On 26-11-2011 19:28 Les Mikesell wrote:
On Sat, Nov 26, 2011 at 7:15 AM, Arjen van der Meijden<[email protected]>
wrote:
Wouldn't more servers become increasingly (seen from the application) slower
as you force your clients to connect to more servers?
Assuming all machines have enough processing power and network bandwidth,
I'd expect performance of the last of these variants to be best:
16x 1GB machines
8x 2GB machines
4x 4GB machines
2x 8GB machines
1x 16GB machines
In the first one you may end up with 16 different tcp/ip-connections per
client. Obviously, connection pooling and proxies can alleviate some of that
overhead. Still, a multi-get might actually hit all 16 servers.
That doesn't make sense. Why would you expect 16 servers acting in
parallel to be slower than a single server? And in many/most cases
the application will also be spread over multiple servers so the load
is distributed independently there as well.
Why not? Will it really be in parallel? Given that most application code
is fairly linear (i.e. all parallelism will have to come from the client
library). Even with true parallelism, you'll still have to connect to
all servers, be hindered by slow starts, etc (a connection pool may help
here). I'm just wondering whether the connection and other tcp/ip
overheads will be outweighed by any load-spreading gains. Especially
since memcached's part of the job is fairly quick.

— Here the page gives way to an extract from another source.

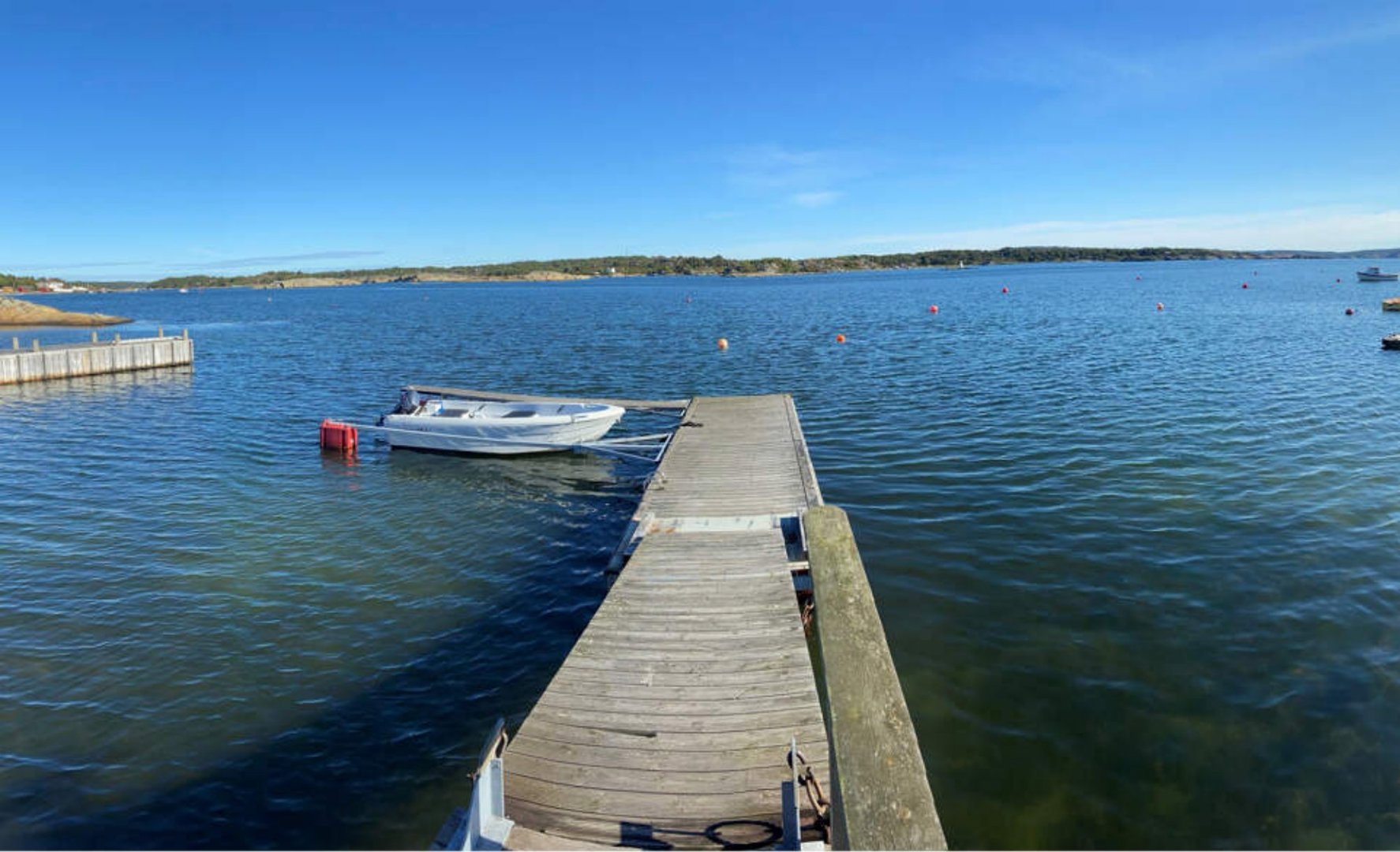 Fotografi av en kai eller brygge som strekker seg ut i vannet, med en båt ved siden av. I bakgrunnen er det land og en klar himmel.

Here's another variant on my question I hadn't even thought about:
http://highscalability.com/blog/2009/10/26/facebooks-memcached-multiget-hole-more-machines-more-capacit.html
And here's Dormando's response to that;
http://dormando.livejournal.com/521163.html
So his post also suggests it might not be a good idea to issue small
requests to many servers rather than issue large requests to few.
Best regards,
Arjen